Perhaps as an old-car guy who has saved a thing-or-two from the scrap heap, I feel a certain sense of entitlement when I come across interesting items that have been ill-maintained and are near ruin. I feel that if I should wish to fix and use something then I will be the better caretaker and it should be handed along to me for its own sake. After poking around something long enough to identify, assess, and make the decision for a rescue, to come across a big you-can’t-have-it price tag is a like a bucket of cold water to the face.

Well, whatever one’s intentions or feelings may be, the truth is that even the worst-condition popular old parts are increasingly no longer affordable. Items that were once a couple-hour’s pay at the Pick-Your-Part or through the want-ad, or even free laying out on the landscape, now may be on eBay instead, where you will compete against the deepest pockets in the country. It seems that after starting out so shiny-new and desirable, then becoming worn and valueless, some cars rise again to where even the little pieces are out of reach. That isn’t unfair. Whoever has a part can decide for them self what they want for it. We just get annoyed when things are priced so high, either sitting on someone’s shelf in a box or left outside to decompose into the ground.

There is surely an element of this type of frustration along with the sense of opportunity when someone says, “Forget this, it’s only plastic and metal, we can make the thing ourselves.” If there are enough people out there whose projects are being held hostage by the cost or unavailability of some particular component, the answer is to step up and get a new run going.
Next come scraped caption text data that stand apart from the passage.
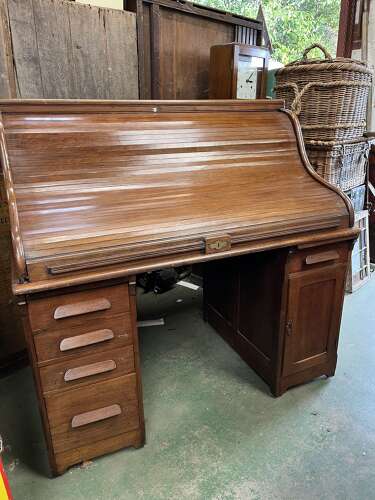 Oak Roll Top Desk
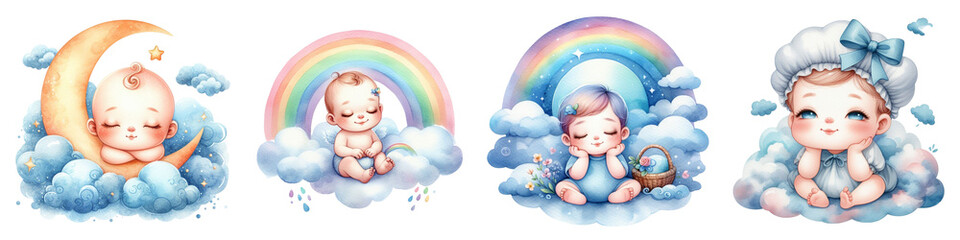 Fototapeta premium Four children are sleeping in the sky. One of them is holding a teddy bear. The sky is filled with clouds and stars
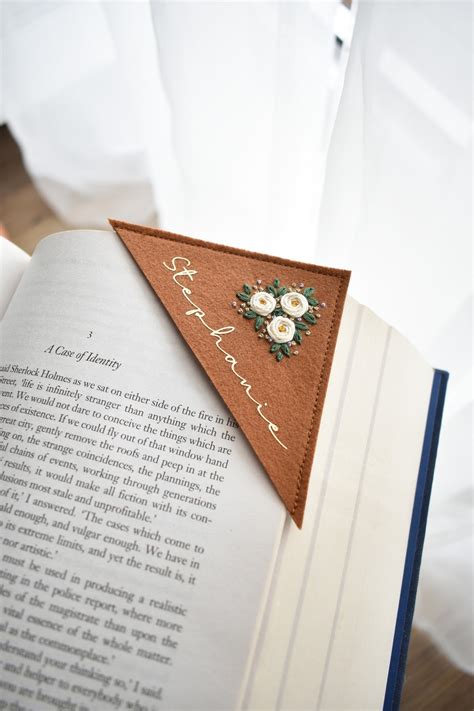 Personalised Embroidered Corner Bookmark Felt Corner Bookmark Etsy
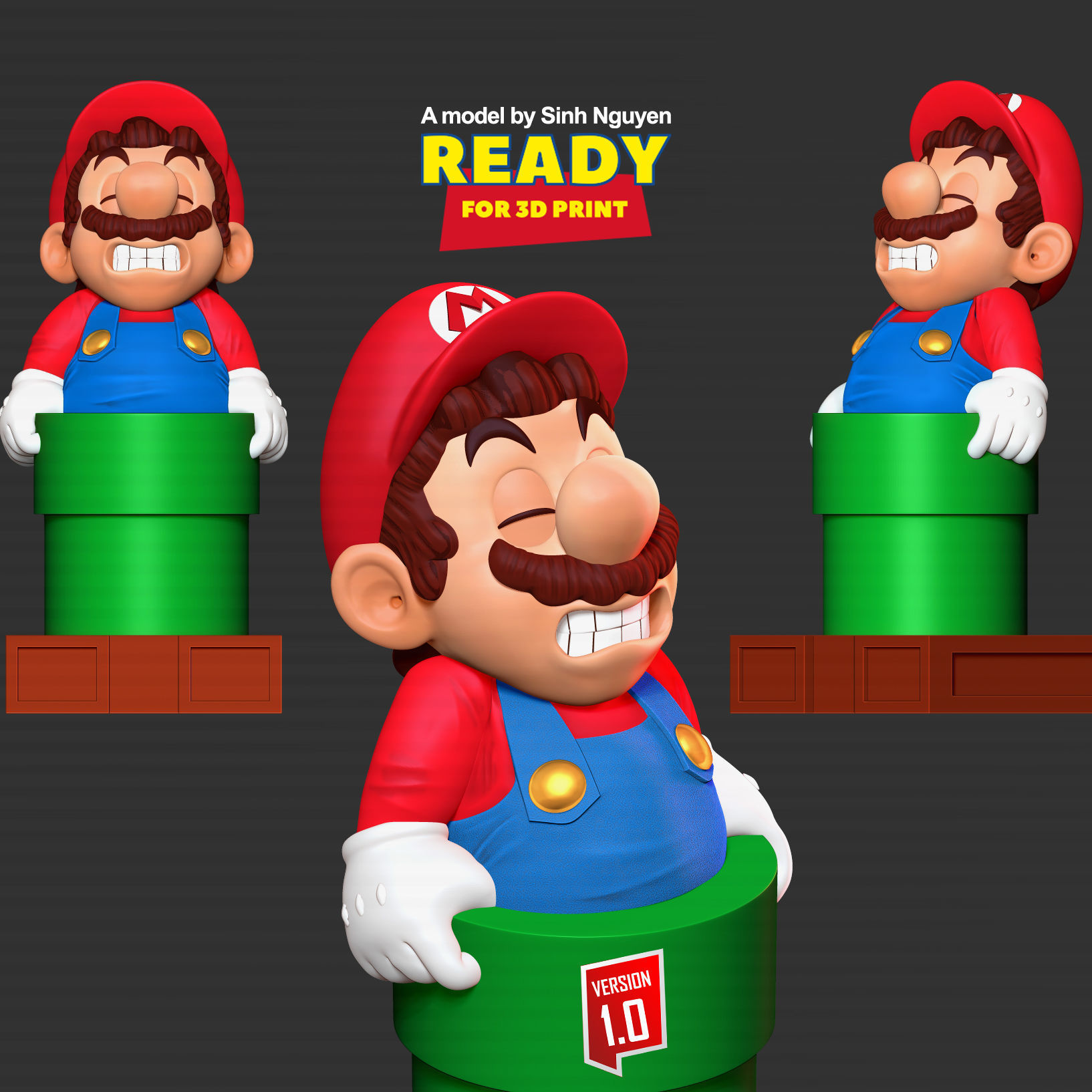 Mario is stuck in a pipe 3D print model_1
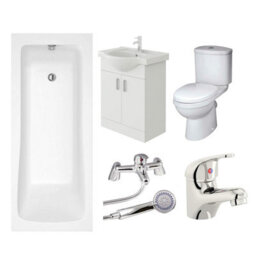 Veebath Sophia 1700mm Bath, White Vanity Unit & Taps Bathroom Suite - thumbnail 1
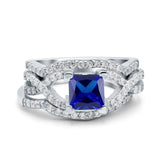 Three Piece Infinity Shank Cushion Cut Art Deco Halo Engagement Ring Round Simulated Cubic Zirconia 925 Sterling Silver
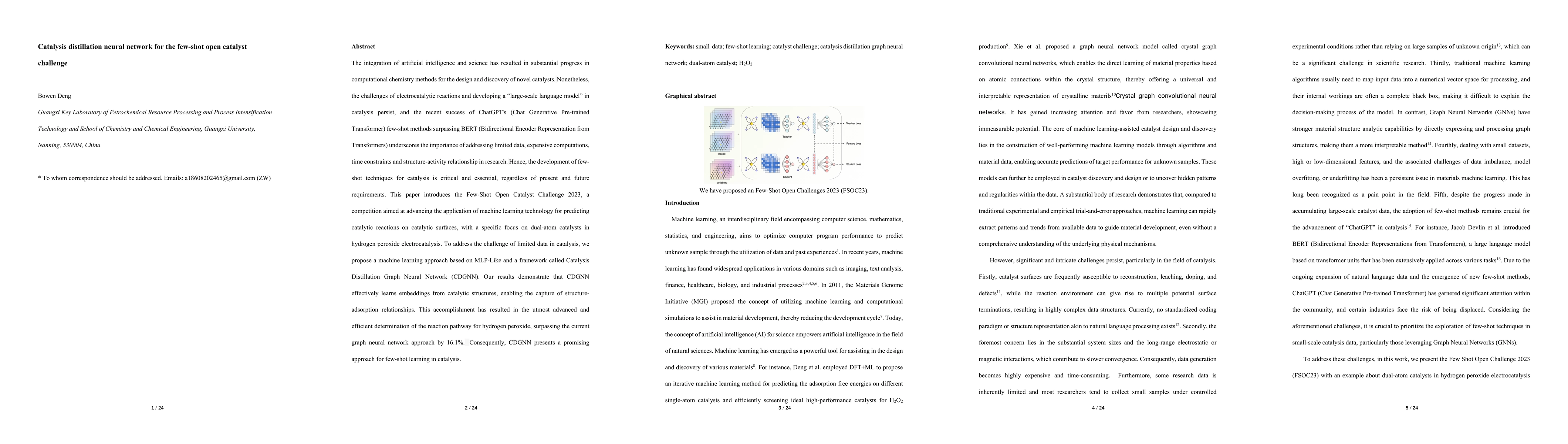 Thumbnail for Catalysis distillation neural network for the few shot open catalyst
  challenge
A fresh supply is created to meet the demand and prices get real again. In fact there aren’t many in the old-parts reproduction business who are not themselves car guys as much or more than their customers and didn’t begin with some personal aggravation over having to grossly overpay for some poor-condition original. Not at all like with new-parts knock-offs, where a part number is already being made and price-cutting is the only goal.

It’s fortunate for the hobby that this is so often done.  However, these relatively low-volume parts will be made in a different way than the originals and I’m sad that so much of it has to be manufactured overseas, regardless of what country the people financing and needing it live in.  Holding a part in my hand and imagining some factory in China is worth less to me than picturing the old Detroit assembly line that the original came down, manned by tough American guys who could’ve been your grandpa. The foreign reproduction is a lesser tribute. However, if the men who built the original cars were proud enough of those iconic vehicles to hope that a few would make it past the day they became functionally obsolete, to be stored away then cared for once again by people who might not even have been born yet, I think they would forgive us an import part here-and-there, if that’s what it takes to keep the car they crafted running.

So I believe it will never quite completely be the end of cheap old car parts or at-least attainable ones.  Not as long as there’s ambition and ingenuity to go along with desire.